Three more things you need to know: 1. If you’re eligible to vote in one or both elections, you’ll get a letter telling you where your nearest polling station is. You don’t have to bring this letter along (though the election officials like it if you do, for some reason), but you do have to bring state-issued ID – your passport, obviously. And you don’t have to vote in the polling station the letter says, though it does have to be one in your neighbourhood. You have 10 hours (8am- 6pm) to cast your vote. Unless it’s really close, the result will be called within two or three hours after polls close.
2. You don’t vote directly for the Berlin mayor. He or she is elected by the members of the new state parliament, according to electoral results. But each of the major parties have already chosen a leading candidate (Spitzenkandidat), who will probably become mayor if their party wins. If they win but don’t have a majority assembly, they’ll have to partner up with another party – like the current so-called “Grand Coalition” between the SPD and CDU. This time, it will almost certainly come down to the SPD’s Michael Müller (incumbent), and the CDU’s Frank Henkel (Berlin’s current interior minister). But if something weird happens, like the SPD crashes and burns, and the CDU wins but no other party will enter a coalition with them, one of the smaller parties could end up fielding the mayor. Voters don’t get a say in the ensuing coalition negotiations.

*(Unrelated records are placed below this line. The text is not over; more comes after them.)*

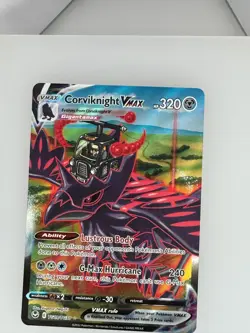 2022 Pokemon Silver Tempest Trainer Gallery Corviknight VMAX TG19/TG30 NM - Image 1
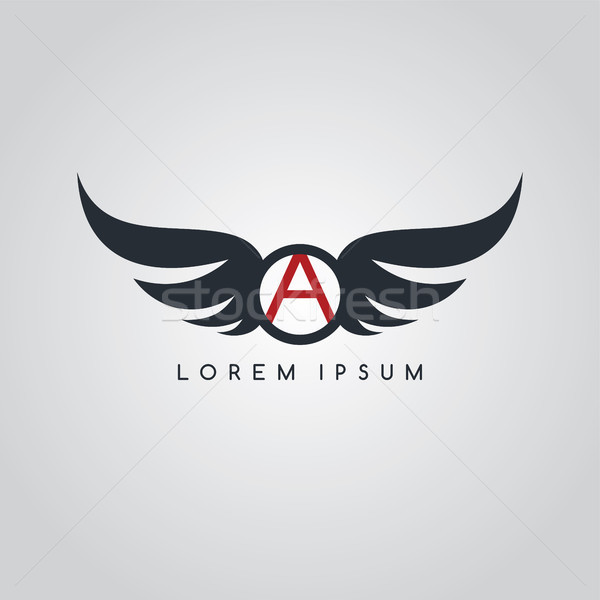 aviator symbol logo logotype theme Stock photo © vector1st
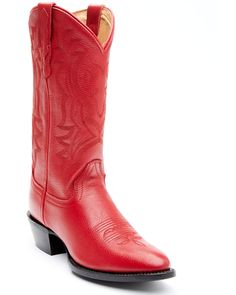 Shyanne Women's Rosa Western Boots - Medium Toe, Red Red Cowgirl Boots, Red Cowboy Boots, Womens Cowgirl Boots, Leather Cowgirl Boots, Boot Barn, Corral Boots, Rounded Toe Boots, Cowboy Boots Women, Western Cowboy Boots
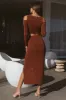 Moss Midi Skirt - Copper sold by Runaway The Label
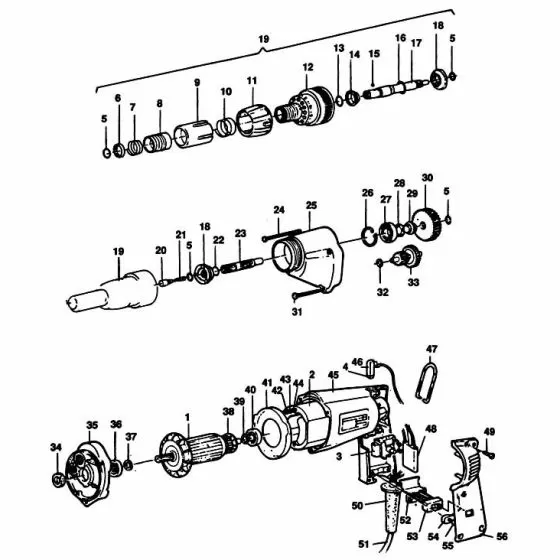 Black & Decker P7305 Spare Parts List Type: 1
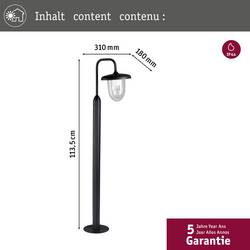 Paulmann 94759 Bollard Vintario E27 anthr. Osvětlení chodníčků E27 antracitová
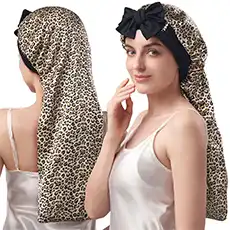 Pure Mulberry Silk Bonnet for Long Hair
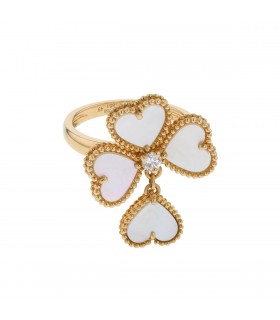 Van Cleef & Arpels Sweet Alhambra diamond and gold ring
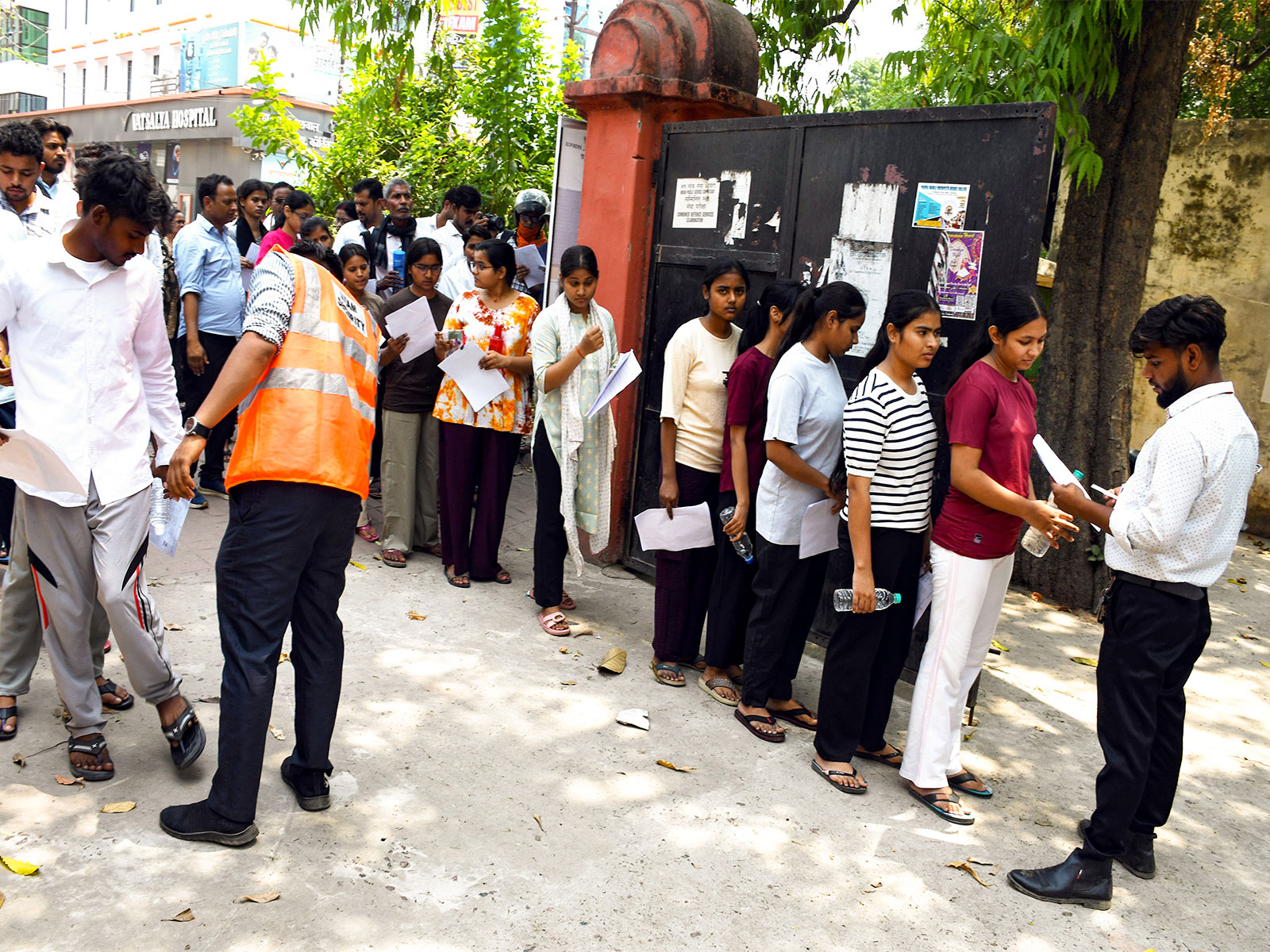 NEET-UG aspirants appearing for exam (File photo/ANI)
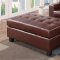 2512 Sectional Sofa Set in Brown Bonded Leather Match PU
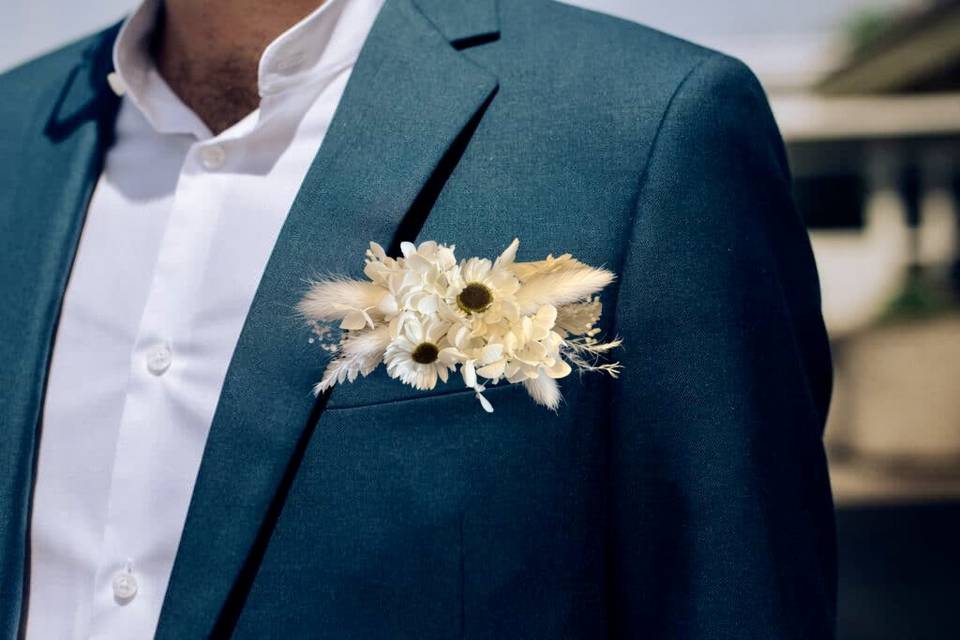 Boutonnière, du marié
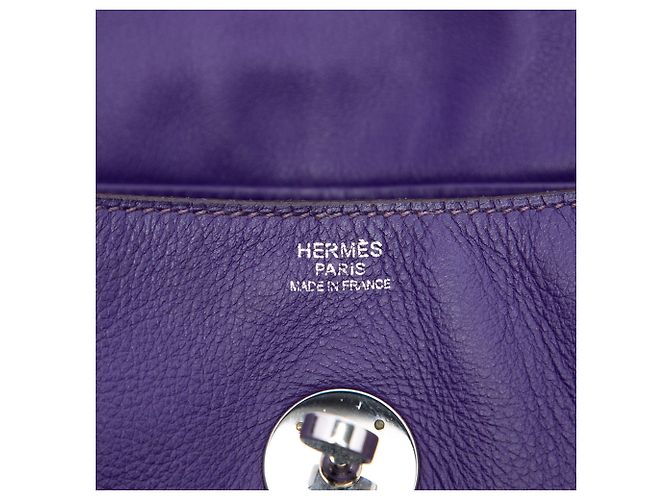 Hermès Purple Swift Lindy 34 Lila - Ansicht 5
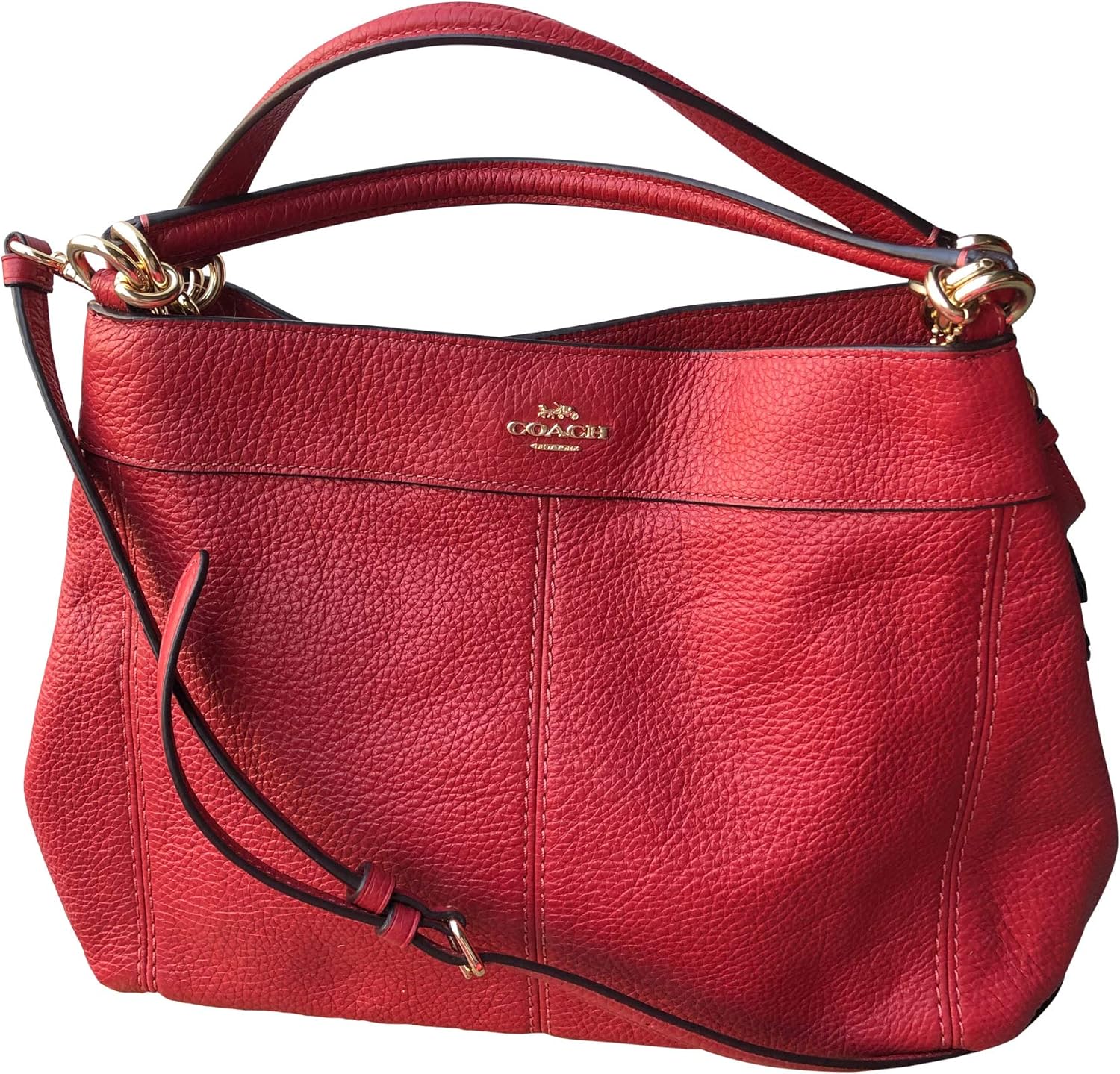 coach pebbled leather small lexy shoulder bag handbag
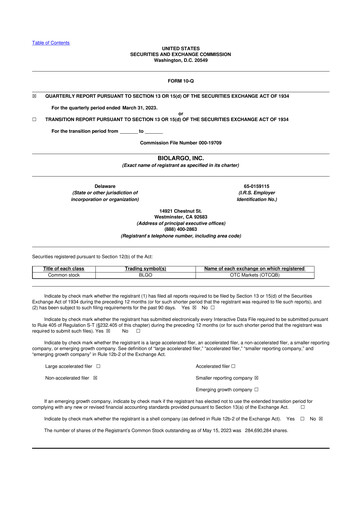 Thumbnail BioLargo 10-Q Quarterly Report FY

3. The state parliament election is definitely the more important one, because it has more power. It controls the state government (confusingly called the Senat), makes laws and decides Berlin’s budget. Your BVV controls your local district administration and chooses how the district spends its money, but it has no legislative power. The Berlin government does sometimes come into conflict with the districts – recently, they’ve bickered over how many sports halls the latter should give up as emergency refugee shelters – but the Berlin government usually gets its way.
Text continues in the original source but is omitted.